[SUPPLIED INFORMATION Boundary: Start]

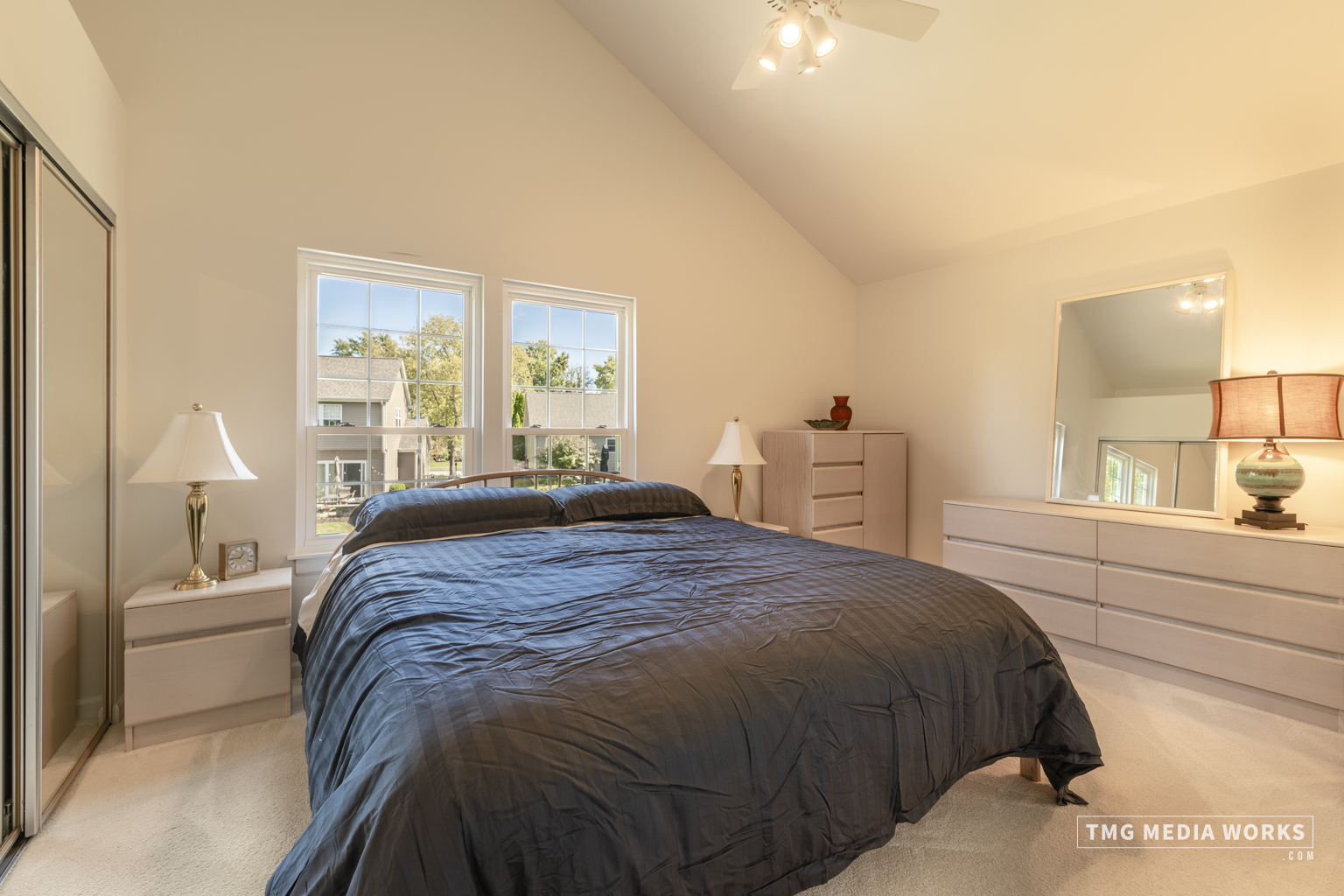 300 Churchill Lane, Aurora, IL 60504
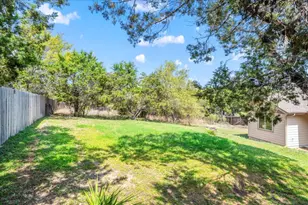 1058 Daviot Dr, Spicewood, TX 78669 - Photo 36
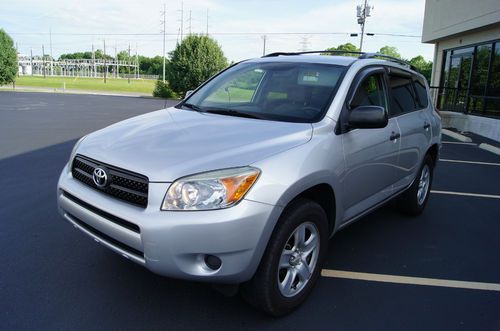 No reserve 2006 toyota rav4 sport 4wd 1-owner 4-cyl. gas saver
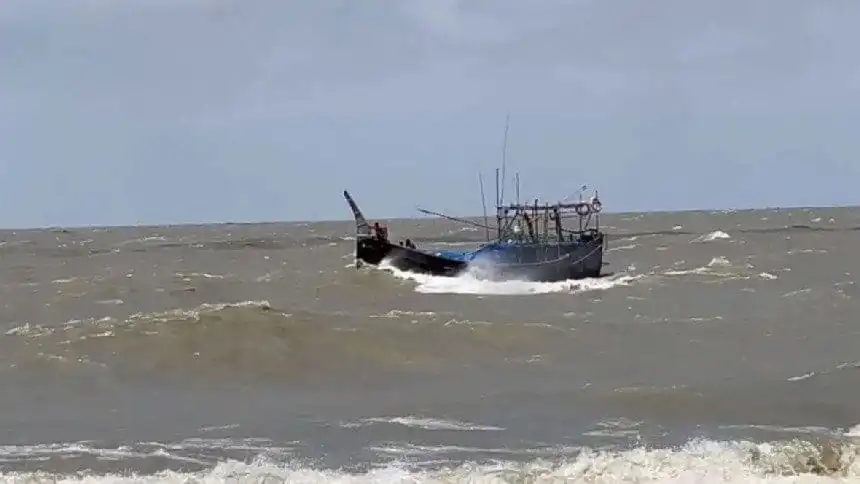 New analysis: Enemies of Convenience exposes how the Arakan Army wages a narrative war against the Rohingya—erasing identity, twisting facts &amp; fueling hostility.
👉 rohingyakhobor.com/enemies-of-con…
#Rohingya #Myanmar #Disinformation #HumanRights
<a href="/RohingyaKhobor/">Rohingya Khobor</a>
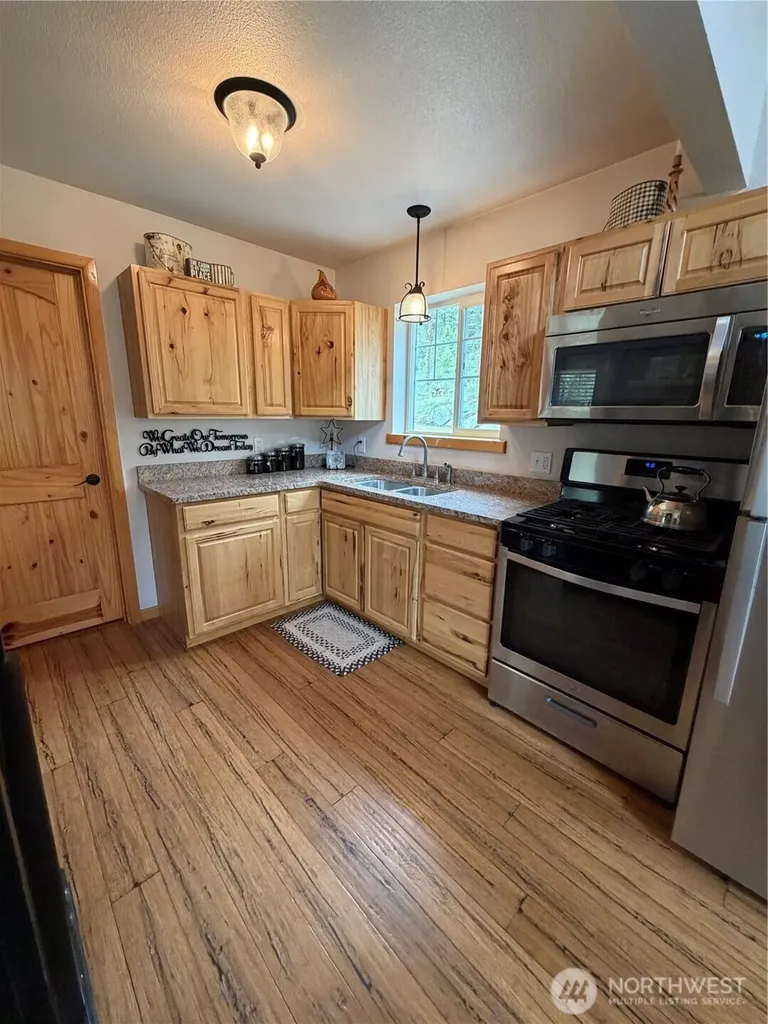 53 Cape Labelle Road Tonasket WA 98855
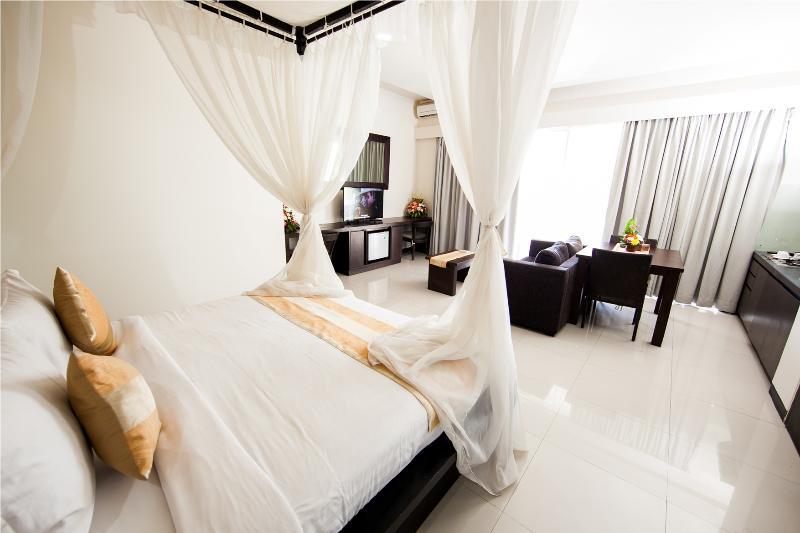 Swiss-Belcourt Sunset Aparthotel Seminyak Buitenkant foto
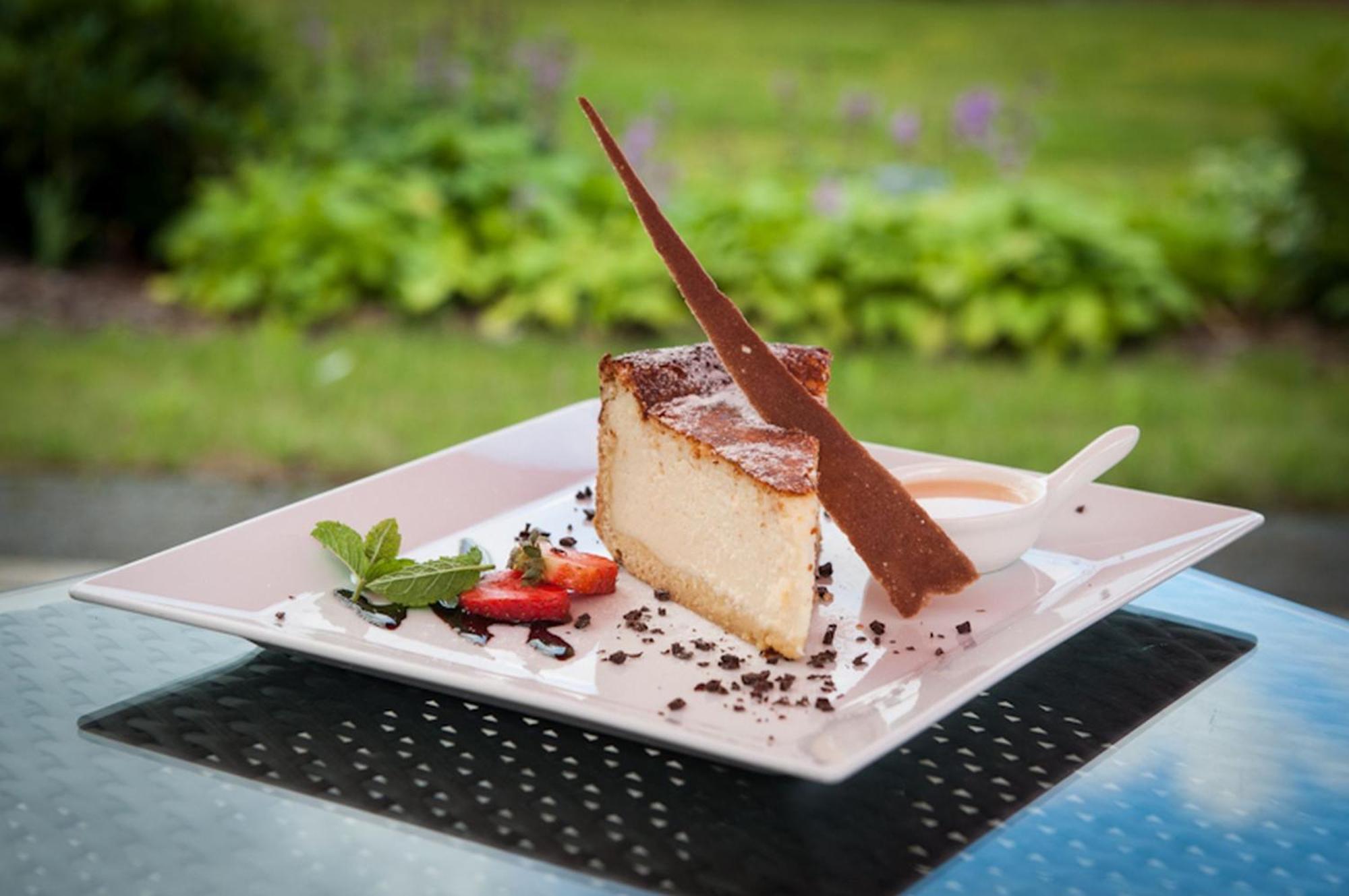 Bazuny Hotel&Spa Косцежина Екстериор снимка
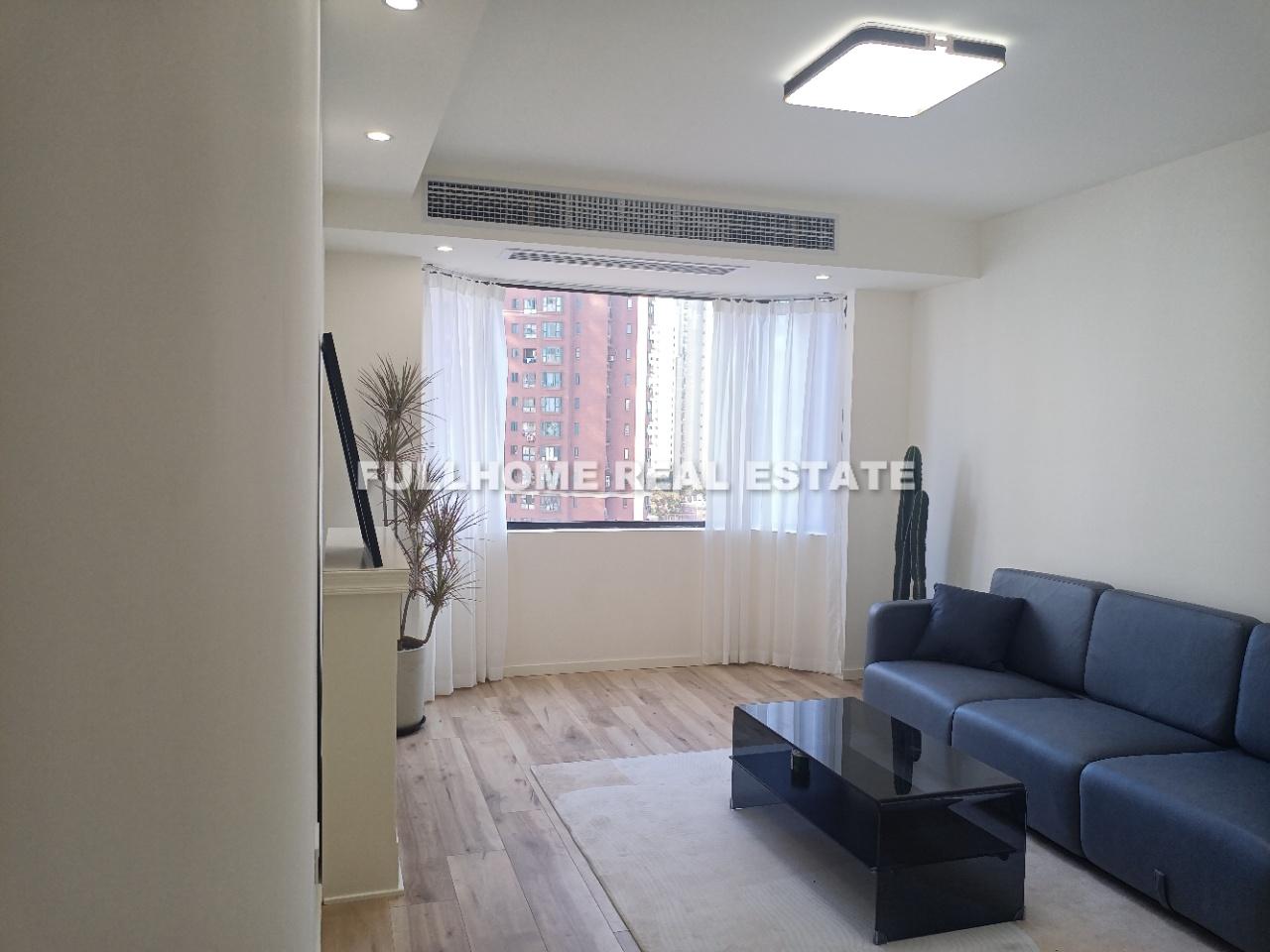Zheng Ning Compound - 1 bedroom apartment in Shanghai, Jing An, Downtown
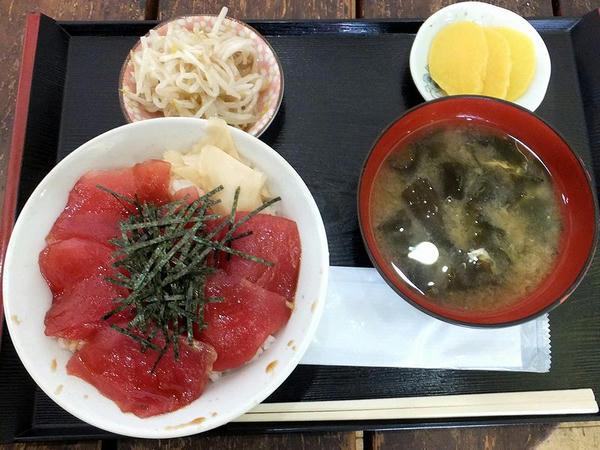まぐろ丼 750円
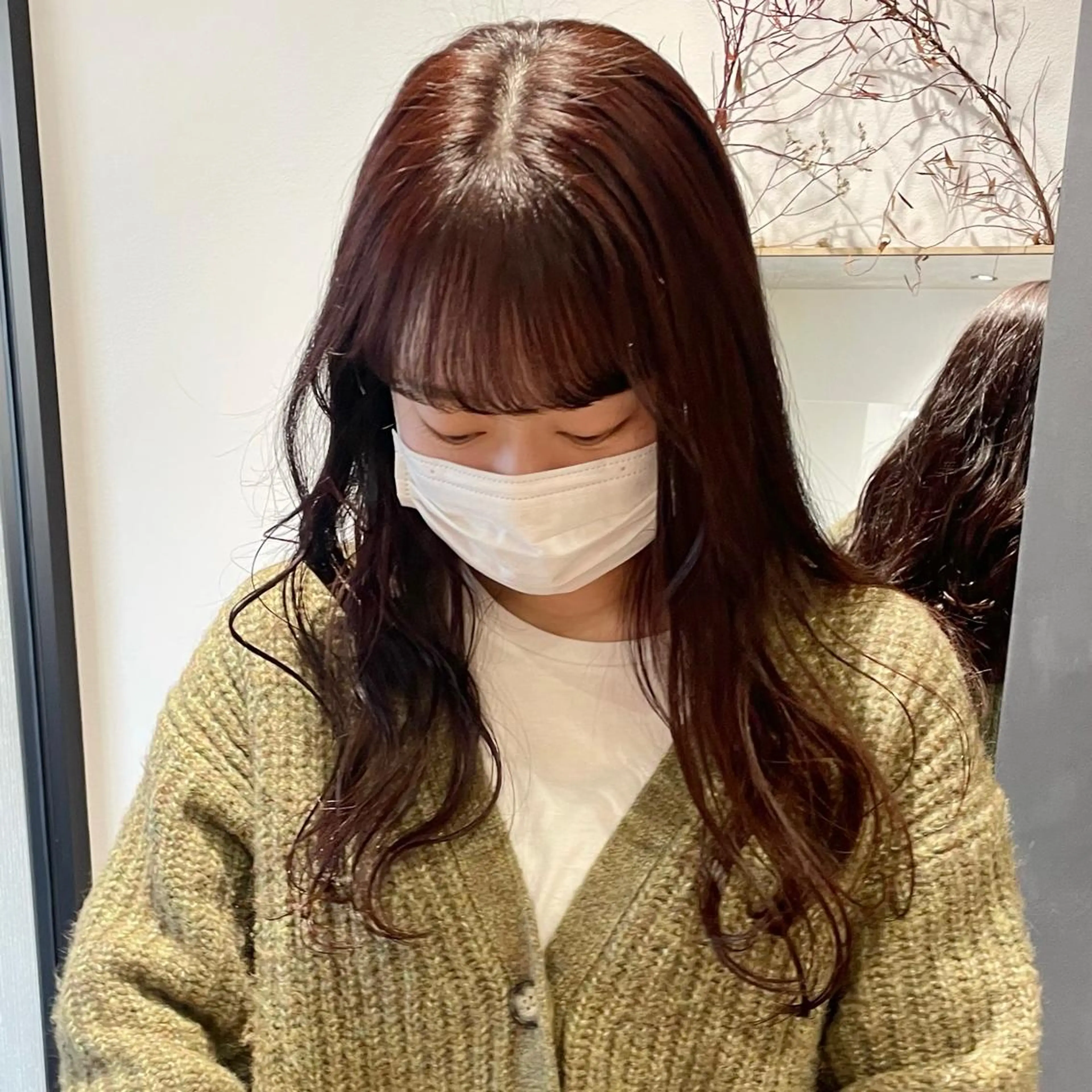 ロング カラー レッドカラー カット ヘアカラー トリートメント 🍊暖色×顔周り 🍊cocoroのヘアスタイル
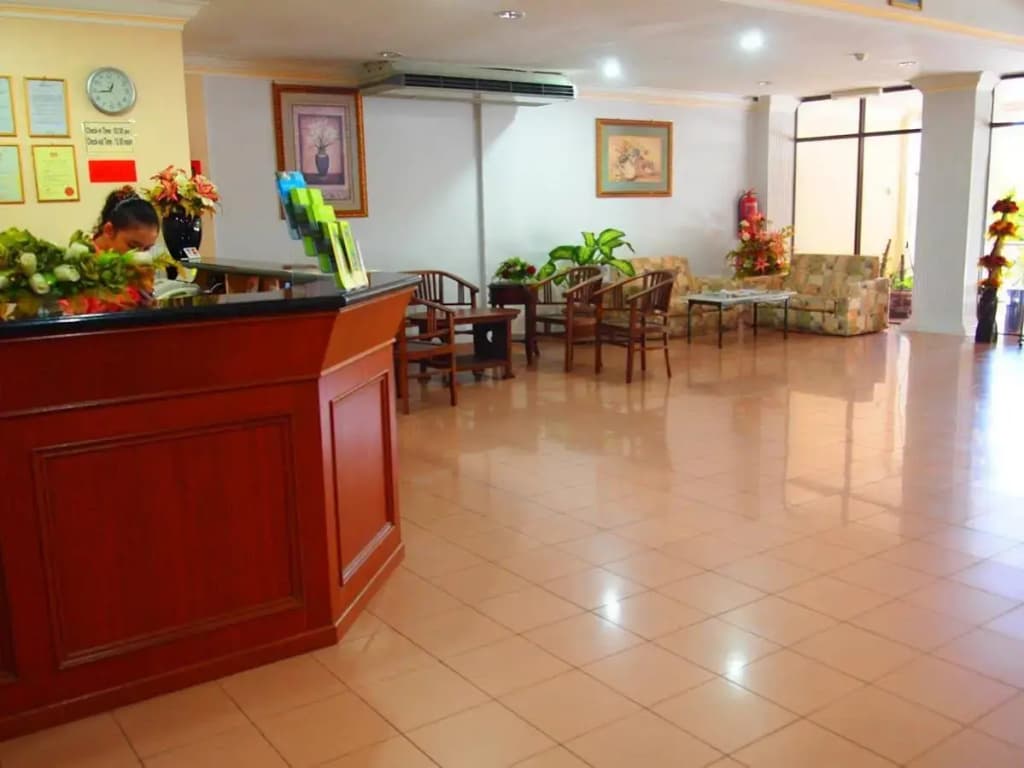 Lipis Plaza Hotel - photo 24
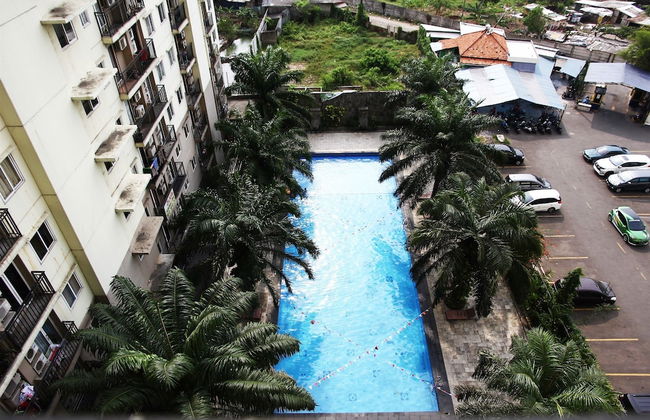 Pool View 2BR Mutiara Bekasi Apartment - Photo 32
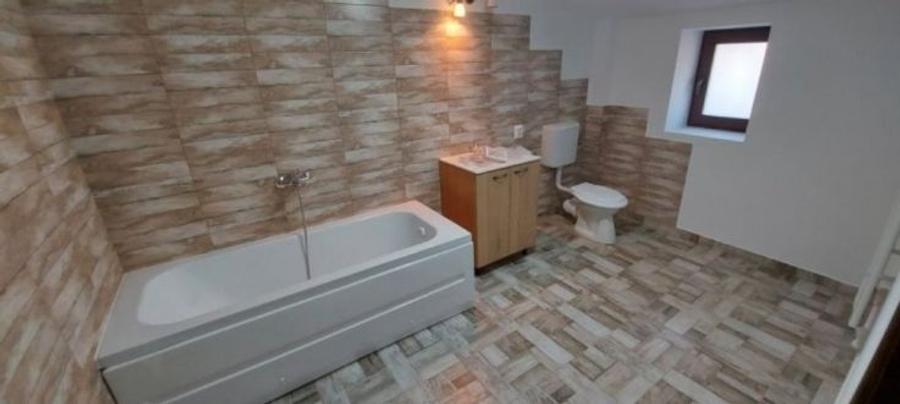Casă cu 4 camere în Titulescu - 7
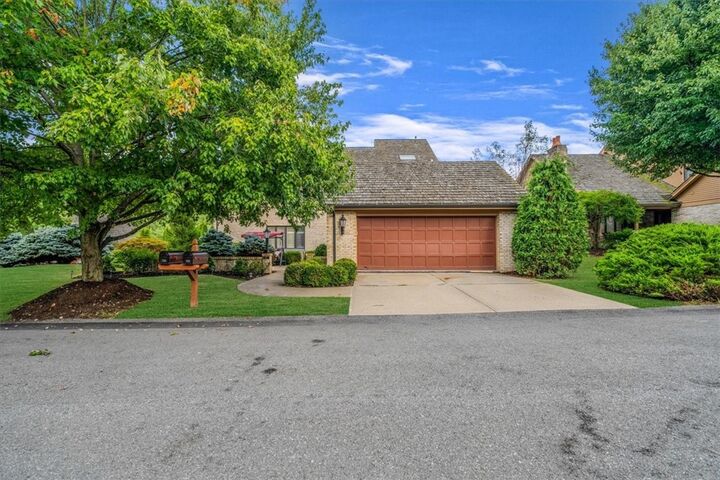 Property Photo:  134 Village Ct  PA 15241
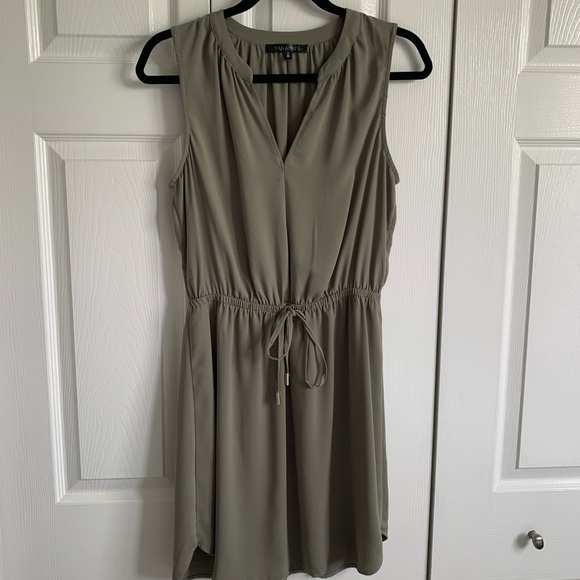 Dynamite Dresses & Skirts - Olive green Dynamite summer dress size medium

[SUPPLIED INFORMATION Boundary: End]

*WHAT IS REQUIRED*:
Write out exactly, and only, the lines from the line holding "134 Village Ct" through the end of the data, inclusive, without any pictures.

*EXERCISE OUTPUT*:
 Property Photo:  134 Village Ct  PA 15241
 Dynamite Dresses & Skirts - Olive green Dynamite summer dress size medium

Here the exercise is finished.